Bybitは、警戒リストに掲載されたことの根拠についてMASに確認を求めていると述べた。同取引所は、シンガポールのユーザーが同社プラットフォームにアクセスできないようにすることを目的としたセーフガードを維持してきたとし、その中には契約上の制限やIPブロッキングの措置が含まれるとした。Bybitは、シンガポールで顧客にサービスを提供していないことを改めて強調し、世界各地の規制当局と引き続き連携していくとしている。MASのスポークスマンはBloombergに対し、当局は、事業体をリストに載せるかどうかを判断する前に、公的なフィードバックと書類による証拠の双方を評価すると語った。
昨年、MASは、海外の顧客にサービスを提供するシンガポール拠点のデジタル資産企業を対象にライセンス枠組みを拡大した。シンガポールは暗号資産業界に対して選別的なアプローチを採用しており、規制要件を満たす企業にライセンスを付与しつつ、消費者保護と市場行為に関して厳格な基準を維持している。
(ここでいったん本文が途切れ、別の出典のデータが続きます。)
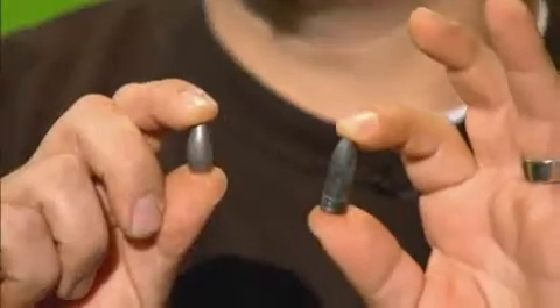Hi Manny. Great to have you here. Thank you. What do you have in your hand? Simply a three-quarter ounce lead weight and a three-quarter ounce tungsten weight. What's the difference and why?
MASは、暗号資産の取引に伴うリスクについて消費者に警告し、暗号資産関連の広告に上限を設けた。投資家向け警戒リストへの掲載は、いかなる違反を示すものではないが、掲載対象の事業体がシンガポールで金融サービスを提供する権限を持っていないことを示している。
MASの投資家向け警戒リストとは何ですか?
MASの投資家向け警戒リストには、シンガポールでライセンスや規制を受けていると誤って想定される可能性のある事業体が含まれている。リストへの掲載は、違反を示すものではないが、そうした事業者がシンガポール居住者に対して金融サービスを提供する権限を持たないことを強調している。
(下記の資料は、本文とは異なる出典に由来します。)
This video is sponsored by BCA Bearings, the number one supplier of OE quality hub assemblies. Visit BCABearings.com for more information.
なぜBybitはシンガポールの警戒リストに追加されたのですか?
Bybitは、シンガポールでライセンスを取得したことが一度もないため追加された。MASは、事業体をリストに掲載する前に、公的なフィードバックと書類による証拠を評価し、その規制上の位置づけを明確化する。
Bybitはシンガポールで運営していますか?
Bybitは、シンガポールで顧客にサービスを提供していないとし、シンガポールのユーザーが同社プラットフォームにアクセスできないように、IPブロッキングの措置と契約上の制限を実施していると述べた。